Иван не ошибся — девушка была умна. Немногословна, в меру таинственна, но определенно умна. Она не оценивала его, как потенциальный «вариант» для обеспеченной жизни, как делали это другие. Те, что он иногда встречал в ресторанах и клубах, посещать которые требовала работа. Переговоры, сделки… К каждому партнеру требовался свой подход. Индивидуальный.
А Иван умел находить нужный.
Те девушки открыто ощупывали взглядом не только подтянутое, привлекательное тело, но и быстро складывали в уме стоимость брендового костюма и часов. Расплывались в притворной слащавой улыбке, когда понимали, что сумма красивой обертки измерялась цифрой с множеством нулей. И их не интересовало больше ничего кроме неё. Той самой обертки.

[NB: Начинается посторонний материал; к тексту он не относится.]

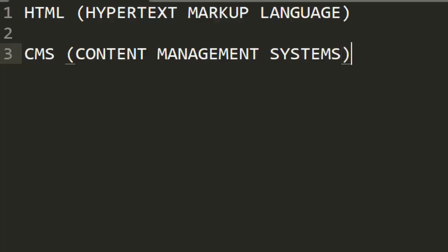When we say Content Management Systems or CMS, we are talking about the platforms which are going to allow us to do all our coding, where we are going to manage our content, where our codes are going to be written. So without these CMS or the Content Management System, there is no way we can be able to develop or write our code or our programs.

— Этого мне не нужно. Любви сотрудников. Достаточно лишь уважения.
Девушка улыбнулась — грустно как-то и даже с нотками горькости — сделала еще один маленький глоток кофе, кивнула и подняла лицо к небу.

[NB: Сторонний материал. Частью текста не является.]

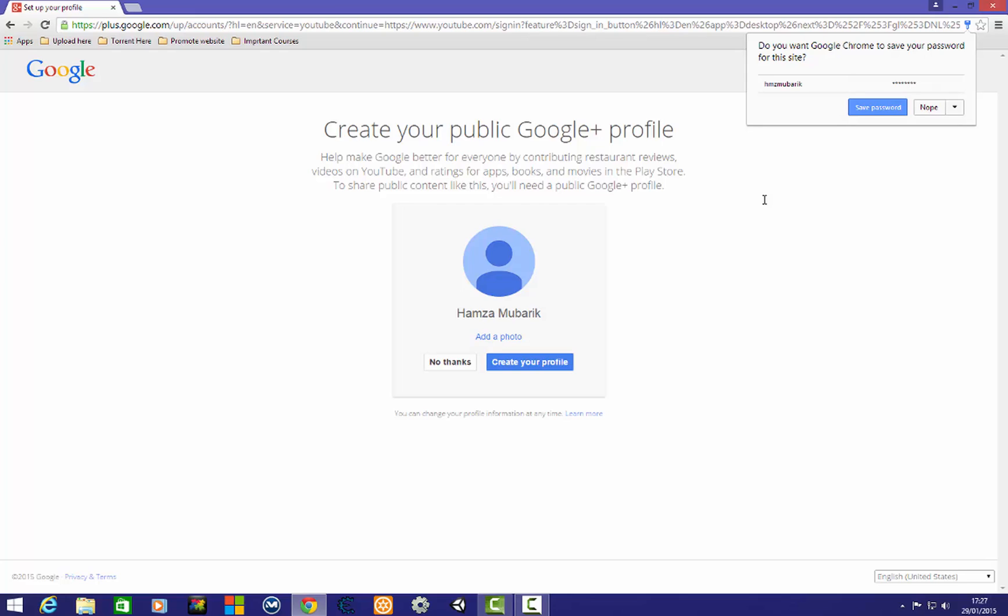If they ask you to give your number, you need to give your number. Then you receive a message from Google and you need to write the confirmation code here, then press continue and you can easily create your account.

«Карманы» слабо освещались фонарями. Последние стояли вдоль аллеи, бросая свет на центральную дорожку. Полузакрытые же «карманы» из живой изгороди размещались чуть в стороне, и в темноте ночи можно было разобрать лишь силуэты находившихся в них людей.

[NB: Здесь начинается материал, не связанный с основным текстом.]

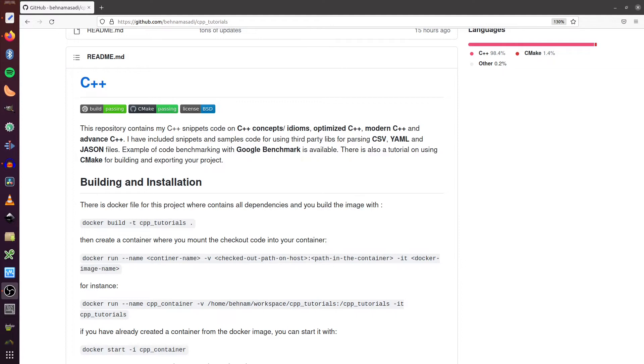Welcome to another episode of practical advanced C++. In this video, I'm going to talk about how to do software development inside of a container.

Воробышек застыла, приподняв голову к небу. Из-под капюшона вновь, как и вчера выбилась темная прядь. Из-за легкого порыва ветра несколько волосинок упало на лицо и прилипло к губам. Девушка подняла руку, не отрывая взгляда от звездного неба, и кончиком пальца, подцепив прядку, убрала ее с влажных от кофе губ.
Иван отдернул себя, словив на том, что невольно засмотрелся на этот невинный жест. Чуть тряхнул головой — незаметно — и сглотнул. То ли оставшийся во рту кофе, то ли…
Его забавляла эта ее привычка смотреть на звезды. Он сам нет-нет, да и стал поднимать голову вверх. Воронов не был романтиком и, по его мнению, позволять себе тратить время на бездумное рассматривание огромных, далеких от Земли шаров, наполненных газом или плазмой и разбросанных в космическом пространстве, глупо. А воробышек хоть и не глупая, но точно была до верху наполнена романтическим бредом.
И это… не для него.
— И все-таки, — девушка оторвала голову от созерцания темного неба и, прищурившись, взглянула на мужчину, — я думаю циничный человек, прежде всего это… несчастный человек. С помощью так называемой «правды», уколов других людей, открытой неприязни, человек просто прячется от своей собственной боли, которая уничтожает его изнутри. Саму личность. Такие люди… они просто не видят другого выхода, кроме как… делать больно другим.
— Вы говорите обо мне?
— Нет. Не думаю, что вы можете сознательно причинять людям боль.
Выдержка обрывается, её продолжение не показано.